The results of the different pTef1 promoter strength quantifications are presented in Figures 2, 3, 4 and 5 using different units of measure.

For nearly each construct, we obtained and analysed twice at least 3 clones (and up to 32), the majority of each displaying comparable specific fluorescence values similar to the value obtained for the positive control. However, a minority of clones were constantly displaying twice more SFU/h suggesting they have integrated 2 copies of the RedStar2 expression cassette.

Indeed, the difficulty in using insertion of plasmid construction in the genomic approaches is to estimate and control the insertion site and the number of copies inserted into the genome. In the auxotrophic wild-type Y. lipolytica strain JMY195, our expression cassettes integrate randomly and the protein expression may vary depending on the insertion site. In the JMY2033 strain, the insertion occurs mainly at the zeta docking platform at the ura3-302 locus.

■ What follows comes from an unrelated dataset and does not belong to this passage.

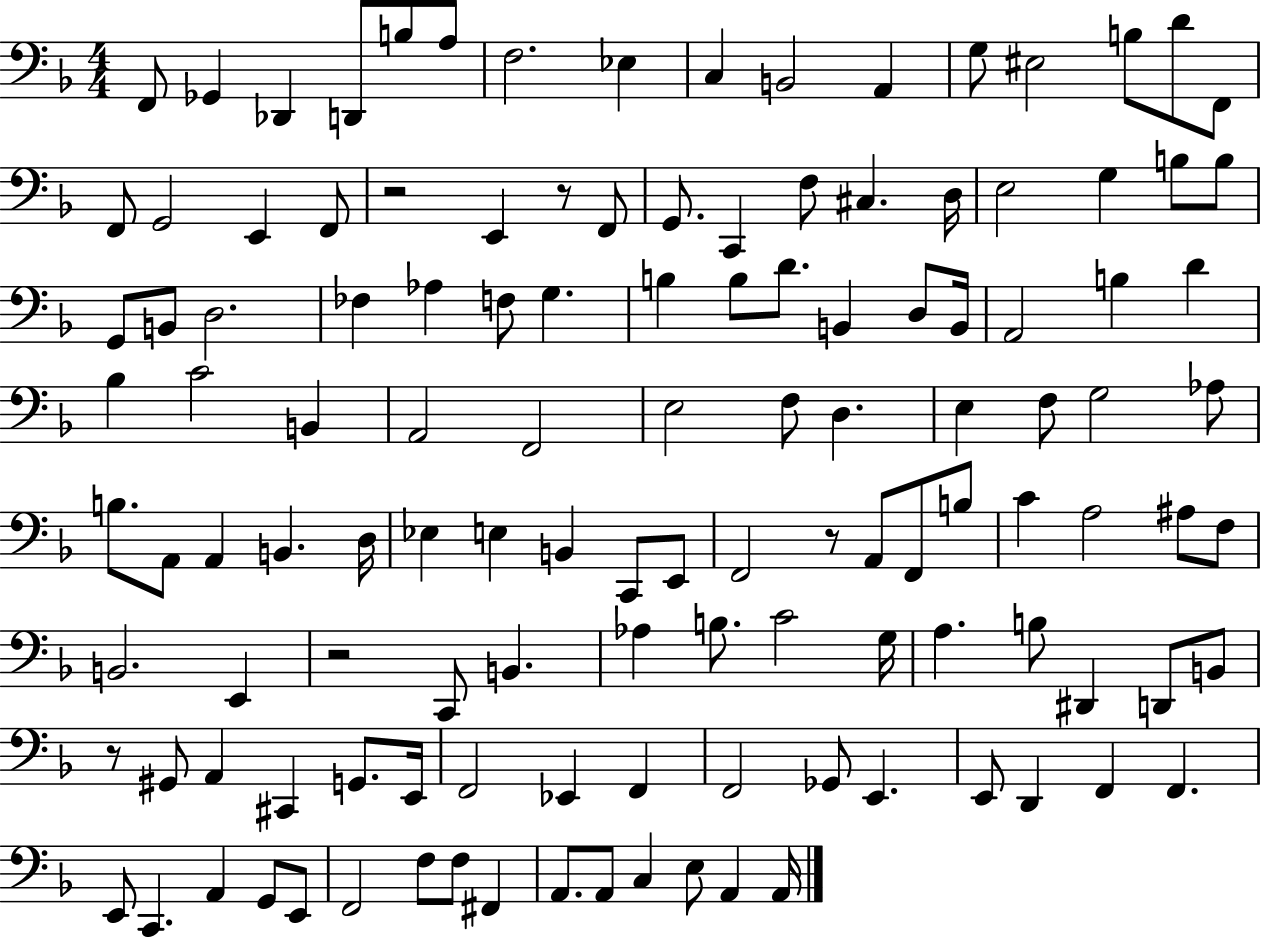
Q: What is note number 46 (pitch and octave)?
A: B3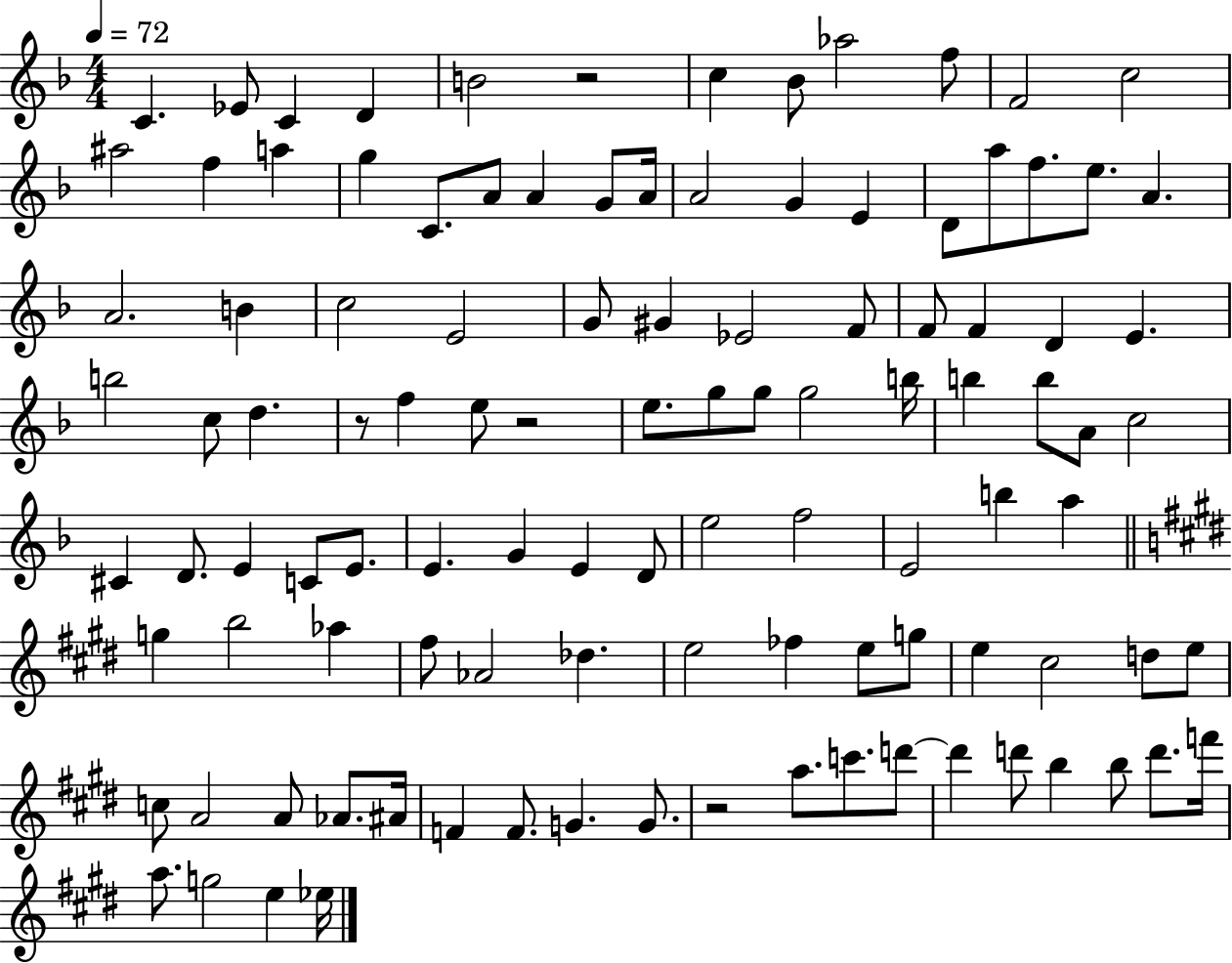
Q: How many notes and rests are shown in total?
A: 108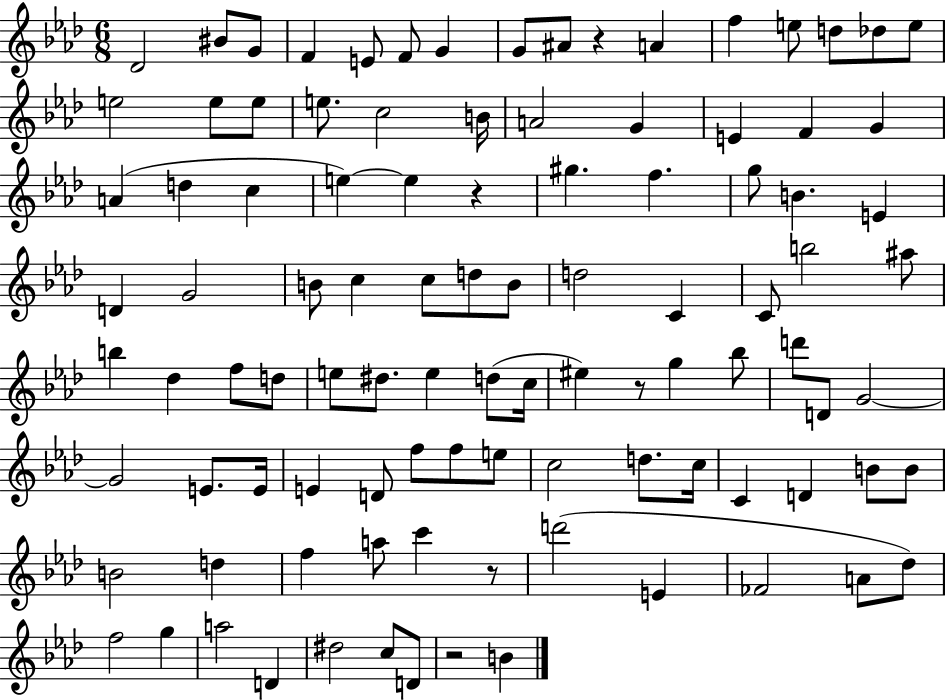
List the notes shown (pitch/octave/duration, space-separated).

As can be easily observed from the results presented in Figures 2, 3, 4 and 5, the different modifications of the pTef1 promoter sequence highlighted in Figure 1 do not have a drastic impact on its activity. The specific fluorescence values are similar between the different variants of pTef1 in both Y. lipolytica strains and independent of copy number / genome.

To confirm these observations, we performed a two-tailed student test with an error threshold of 5% in order to compare the specific fluorescence averages in each strain and each construct. No statistically significant difference was observed between the different constructs in both strains and at both copy number / genome.